By EUGENE Y.J. TEE
What makes a leader effective? This simple question has been long considered the ‘holy grail’ of leadership research and practice. Not surprisingly, there has been no shortage of ideas, theories and opinions proffered as possible answers to this question.
Leaders should develop these seven (or eight) key habits. Not so, suggests another view – they should adopt principles from the classic Art of War by Sun Tzu in order to be effective. Yet another view argues that effective leaders shouldn’t base their strategies on a war treatise, but instead, lead with a touch of compassion.
There are at least as many ideas to this important leadership question as there are books and experts claiming to have the answer. We ask this question because leadership pervades many aspects of our lives. The effects of good and bad leadership outcomes resonate across teams, organisations and countries.
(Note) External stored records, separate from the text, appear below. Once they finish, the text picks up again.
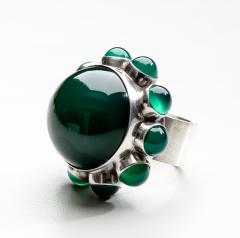 Georg Jensen Danish Modern Georg Jensen Ring No 166 with Green Agate by Astrid Fog - 291871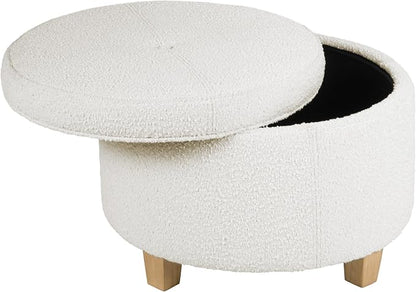 HomePop 24" Large Round Storage Ottoman - Cream Boucle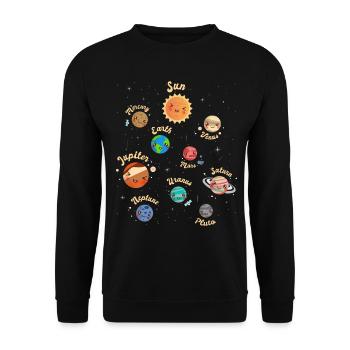 Système solaire Planètes Espace Enfants Connaissances - Sweat-shirt Unisexe - noir - Devant - Alina (178cm) & Michal (187cm)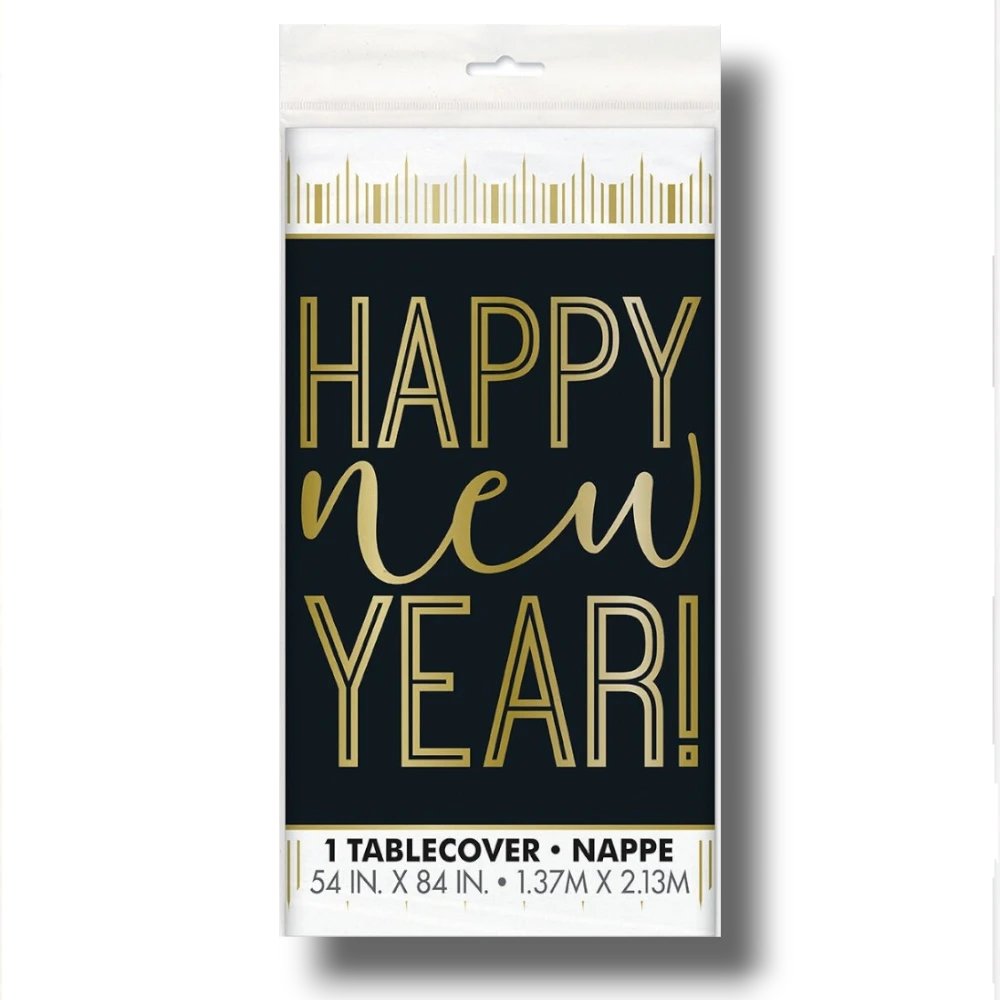 Mantel PartyStore Roaring New Year con letras doradas sobre fondo negro, ideal para celebraciones de fin de año.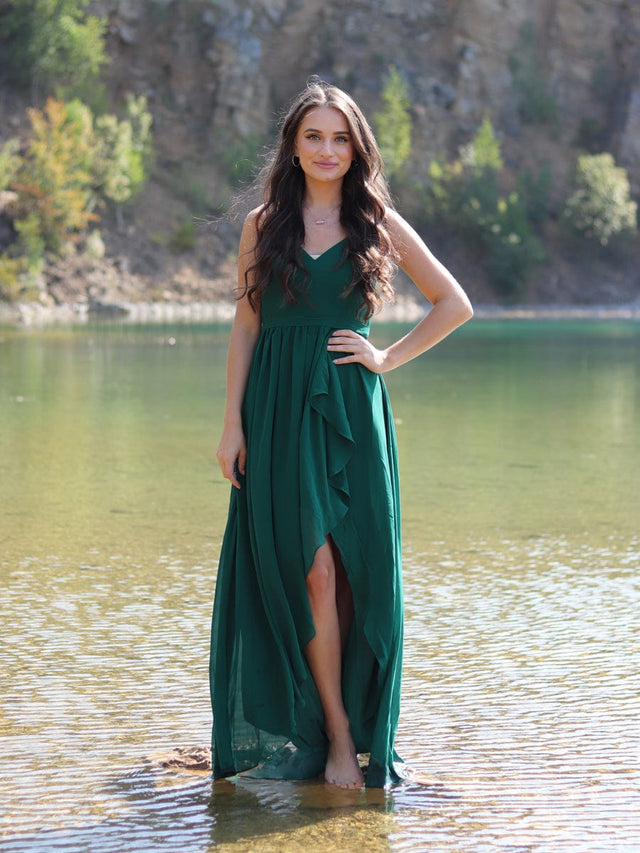 Chiffon Spaghetti Strap Ruffled Front Slit A-Line Bridesmaid Dress Fan Photos 2
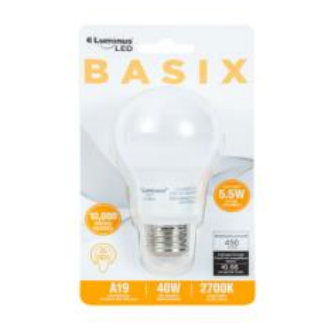 Luminus LED Basix Light Bulb 6W 12/cs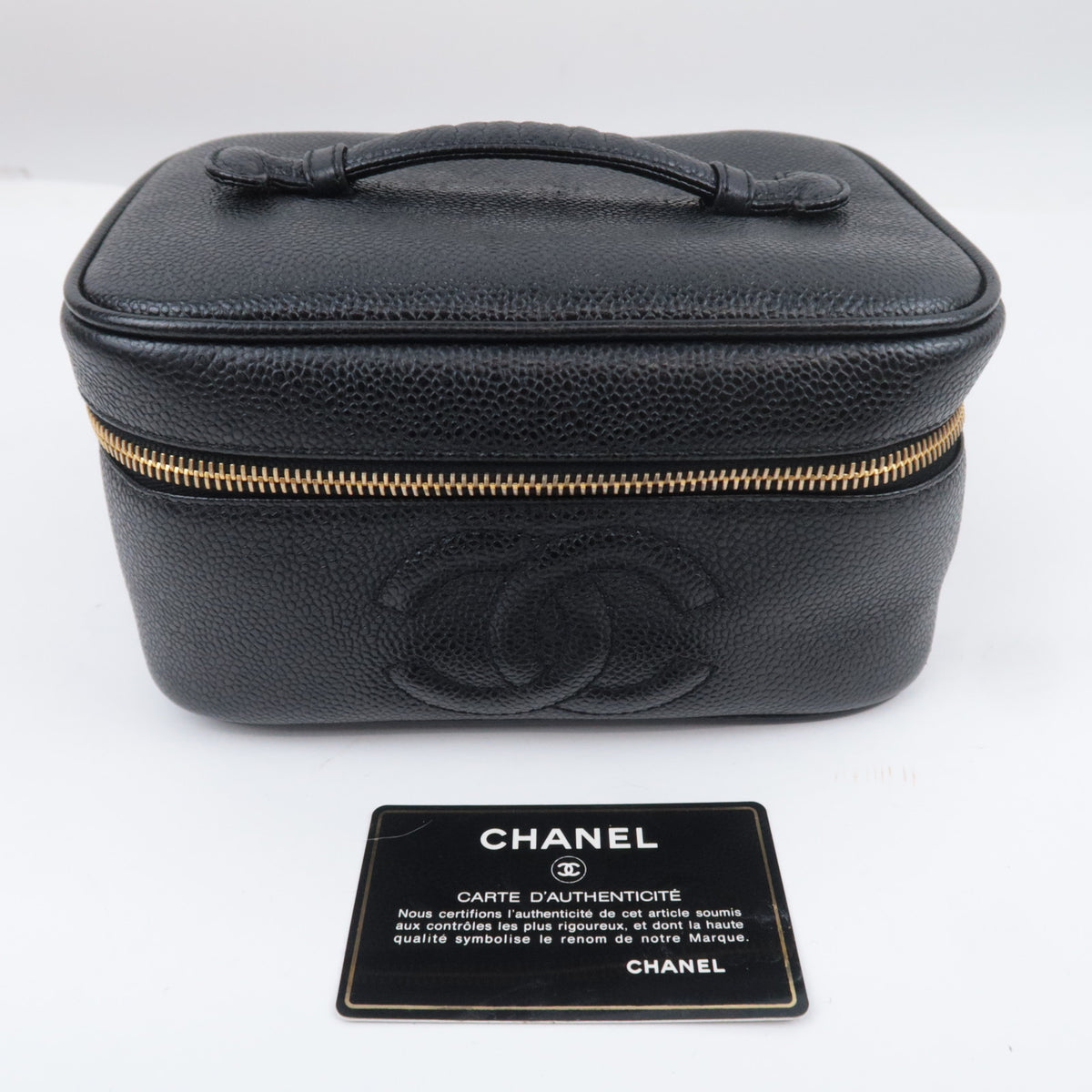 CHANEL Coco Mark Vanity Bag Caviarskin A01997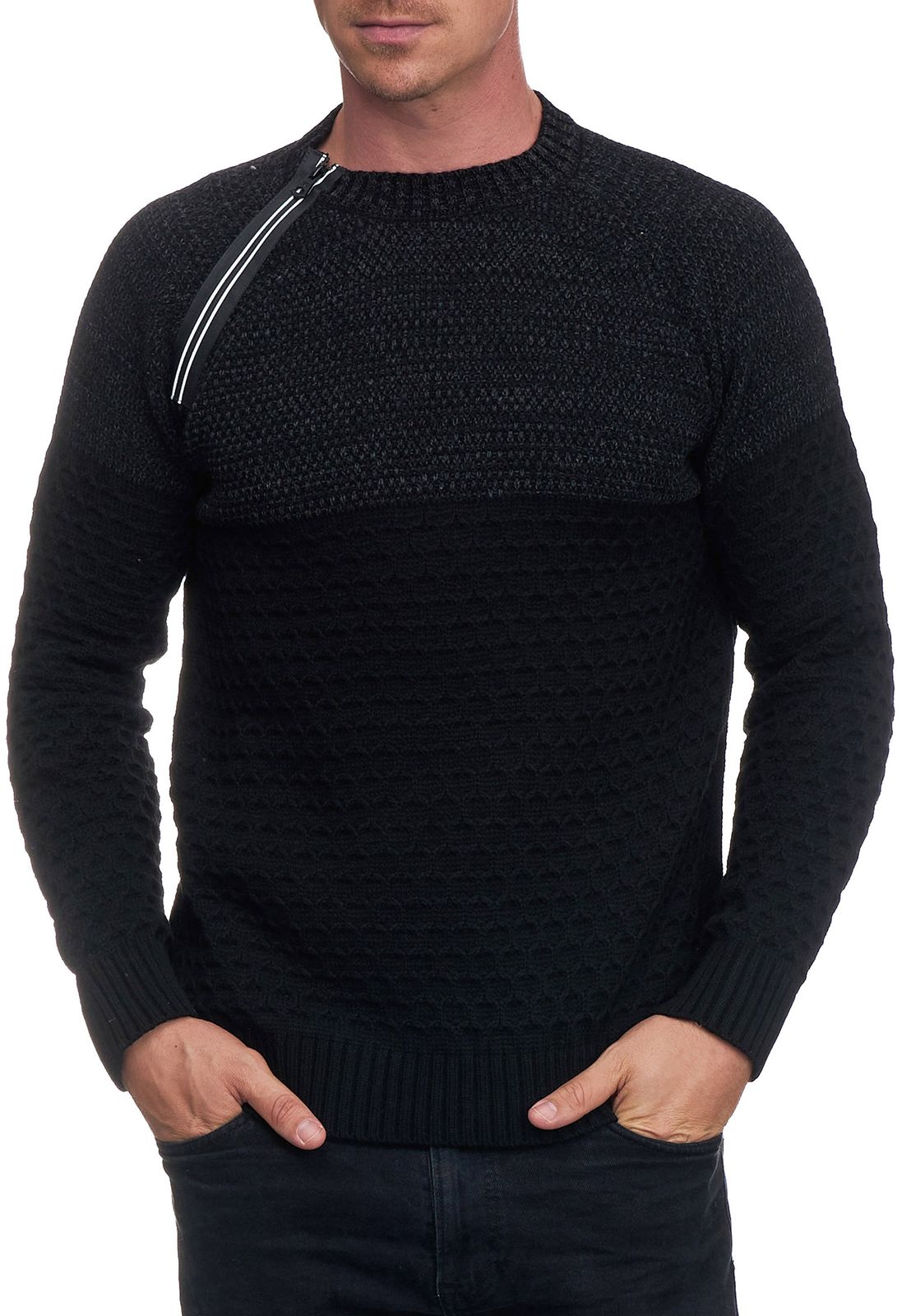 Lässiger Herren Strick-Pullover mit seitlichem Zipper und Struktur Rundhals-Sweater 13359 Schwarz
Everything rises and falls on leadership (and followership)
Effective leadership drives organisational success, but at the same time, leaders could also be blamed for failures and crises. From the successful turnaround of Apple’s fortunes by the mercurial Steve Jobs in 1997, to the scandal-plagued leadership of Dilma Rousseff that threatens to disrupt Brazil’s hosting of the Rio 2016 Olympics, we attribute organisational successes and failures heavily on leadership.
We judge leaders first, and scrutinise the organisation’s policies and procedures, culture, and team processes later, if ever.
There is a problem, however, in seeing leadership solely in terms of the leader, in that we end up ‘romanticising’ the notion of leadership. We put leaders on a pedestal, exalting and admiring them when things go well, and quickly knock them off their lofty perches when they stumble. Focusing on leaders alone only tells one half of the story.
While it is easy to point fingers at leaders, in reality, leaders operate in complex, dynamic systems that also involve non-leader individuals. Leaders grapple with systems that work against them, cultures that stifle their effectiveness, and conflicts with individuals who don’t necessarily agree with them.
The last point is especially important. Leaders would not be able to accomplish as much, or fail as miserably, as they would in their endeavours were it not for the individuals that are directly influenced by them. As much as leaders shape followers, in turn, followers shape leadership outcomes and their leader’s effectiveness.
Leaders need followers. Leadership requires followership.
The significance of followership
But why look at followers? Aren’t followers simply the compliant, submissive parties in the leadership process? Isn’t the whole point of leadership to understand and develop skills that allow leaders to lead teams and organisations toward successful outcomes?
The term ‘follower’ is in itself problematic. It implies a kind of subservience, passivity and compliance that is used mainly out of semantic convenience. Leaders lead and direct. Followers follow and obey. But this is not always true.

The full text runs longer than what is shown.